Meetings: Highlights from CLEO 2016

For thousands of years, silk has been the glamorous fabric that drove global trade along routes from China to Europe. But the material’s history might take an unexpected high-tech turn, said Fiorenzo Omenetto from Tufts University, who builds useful devices that exploit the material’s unique properties. Made of water and proteins, silk is biodegradable and biocompatible. And while it is nearly as tough as Kevlar, it is transparent to visible light. Working with materials scientists, Omenetto and colleagues developed ways to reshape silk starting from its basic molecular ingredients. They then engineered it into thin films, nanoparticles, sponges, adhesives, gels, fibers, and other complex patterns with which they could build microlenses, reflectors, optical fibers, and even edible (albeit not tasty) lasers. Biomedical applications are particularly promising: Omenetto’s team recently demonstrated silk electronics that could be implanted in the body without being rejected. The devices could be used to monitor infections or deliver drugs to tissues before safely degrading into the body at a programmed time. And the same properties that make the material biocompatible also make it environmentally friendly—we might soon drink our coffee from perfectly biodegradable silk cups.

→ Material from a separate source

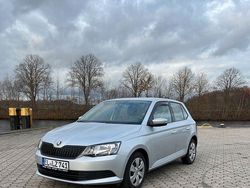 Silber Gebraucht 2017 Skoda Fabia Kleinwagen | 8.200 € (Fairer Preis)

The attosecond scale ( $10^{-18}$ s) is the current frontier for experimental time resolution in physics. With the shortest laser pulses approaching a few tens of attoseconds, researchers can observe ultrafast phenomena such as the movement of an electron wave packet or the oscillation of a light field. Ferenc Krausz of the Max Planck Institute for Quantum Optics and the Ludwig Maximilian University of Munich highlighted how attosecond science is coming of age, providing scientists with reliable laser sources that can be used to build ultrafast “cameras” that can film microscopic processes with unprecedented temporal resolution. These developments—in particular the ability to monitor electrons in real time—may have both fundamental and practical consequences, he explained. Researchers will be able to study electron-electron interactions in complex materials, assess the ultimate speed of electronics, and probe the electronic dynamics that control vital biochemical reactions. The technology may also open prospects for medical applications. Krausz and his team are developing short-pulse sources that could be applied to the early detection of cancer. Such sources are extremely bright and emit a broad spectrum of infrared wavelengths—ideal properties for quick and accurate measurements of a vast range of molecular vibrations, including those that can serve as “fingerprints” of cancerous cells.

Atherosclerosis is a disease in which fatty plaques build up on the inside of arteries. Such plaques harden the arteries and can suddenly rupture, leading to heart attacks and other problems. Yingchun Cao, who works in a group led by Ji-Xin Cheng at Purdue University, reported on a new imaging tool that could lead to more reliable diagnoses of vulnerable plaques. The scheme is based on intravascular photoacoustic (IVPA) imaging. This method entails sending laser pulses through a catheter onto an artery’s walls. Such light pulses, absorbed by fatty tissues, produce sound waves that are collected through the same catheter and analyzed for molecular signatures of plaques. Existing IVPA approaches, however, have limited sensitivity due to the inefficient collection of the sound waves. This limited sensitivity prevents them from imaging far enough through the plaques to determine how thick they are. Cao and colleagues developed an innovative catheter geometry that allows the optical beam and the sound waves to share the same path during imaging. Compared to previous setups—in which the optical and acoustic beams cross at an angle—such a collinear geometry boosts the imaging depth while keeping the catheter diameter as small as 1 mm. In experiments on animal and human arteries, the team showed that the device could image the full thickness of an artery and reliably distinguish healthy artery walls from those lined with fatty plaques.